◆ What is needed ◆
The records below are to be repeated in full, exactly as they are.

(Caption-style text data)
________

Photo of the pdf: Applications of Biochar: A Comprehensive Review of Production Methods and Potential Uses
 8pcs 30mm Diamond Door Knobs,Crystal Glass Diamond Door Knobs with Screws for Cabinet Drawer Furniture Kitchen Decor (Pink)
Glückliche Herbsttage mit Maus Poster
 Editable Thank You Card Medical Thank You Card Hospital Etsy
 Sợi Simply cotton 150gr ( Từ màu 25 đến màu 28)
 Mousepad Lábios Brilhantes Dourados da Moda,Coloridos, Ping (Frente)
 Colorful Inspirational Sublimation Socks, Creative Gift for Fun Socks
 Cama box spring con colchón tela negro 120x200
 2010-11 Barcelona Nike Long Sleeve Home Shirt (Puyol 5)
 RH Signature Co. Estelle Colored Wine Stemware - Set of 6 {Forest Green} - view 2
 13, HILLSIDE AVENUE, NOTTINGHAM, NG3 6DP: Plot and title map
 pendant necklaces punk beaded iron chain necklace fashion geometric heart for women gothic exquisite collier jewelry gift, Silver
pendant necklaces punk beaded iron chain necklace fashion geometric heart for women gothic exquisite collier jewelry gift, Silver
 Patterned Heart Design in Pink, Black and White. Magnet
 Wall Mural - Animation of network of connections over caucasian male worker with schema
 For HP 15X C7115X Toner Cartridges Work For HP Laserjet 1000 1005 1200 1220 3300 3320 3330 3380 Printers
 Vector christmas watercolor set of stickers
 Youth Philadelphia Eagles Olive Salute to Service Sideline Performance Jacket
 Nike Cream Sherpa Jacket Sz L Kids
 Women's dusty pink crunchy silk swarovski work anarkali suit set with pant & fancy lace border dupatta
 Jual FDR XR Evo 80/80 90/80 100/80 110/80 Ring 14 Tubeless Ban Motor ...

________

◆ Exercise answer ◆
Photo of the pdf: Applications of Biochar: A Comprehensive Review of Production Methods and Potential Uses
 8pcs 30mm Diamond Door Knobs,Crystal Glass Diamond Door Knobs with Screws for Cabinet Drawer Furniture Kitchen Decor (Pink)
Glückliche Herbsttage mit Maus Poster
 Editable Thank You Card Medical Thank You Card Hospital Etsy
 Sợi Simply cotton 150gr ( Từ màu 25 đến màu 28)
 Mousepad Lábios Brilhantes Dourados da Moda,Coloridos, Ping (Frente)
 Colorful Inspirational Sublimation Socks, Creative Gift for Fun Socks
 Cama box spring con colchón tela negro 120x200
 2010-11 Barcelona Nike Long Sleeve Home Shirt (Puyol 5)
 RH Signature Co. Estelle Colored Wine Stemware - Set of 6 {Forest Green} - view 2
 13, HILLSIDE AVENUE, NOTTINGHAM, NG3 6DP: Plot and title map
 pendant necklaces punk beaded iron chain necklace fashion geometric heart for women gothic exquisite collier jewelry gift, Silver
pendant necklaces punk beaded iron chain necklace fashion geometric heart for women gothic exquisite collier jewelry gift, Silver
 Patterned Heart Design in Pink, Black and White. Magnet
 Wall Mural - Animation of network of connections over caucasian male worker with schema
 For HP 15X C7115X Toner Cartridges Work For HP Laserjet 1000 1005 1200 1220 3300 3320 3330 3380 Printers
 Vector christmas watercolor set of stickers
 Youth Philadelphia Eagles Olive Salute to Service Sideline Performance Jacket
 Nike Cream Sherpa Jacket Sz L Kids
 Women's dusty pink crunchy silk swarovski work anarkali suit set with pant & fancy lace border dupatta
 Jual FDR XR Evo 80/80 90/80 100/80 110/80 Ring 14 Tubeless Ban Motor ...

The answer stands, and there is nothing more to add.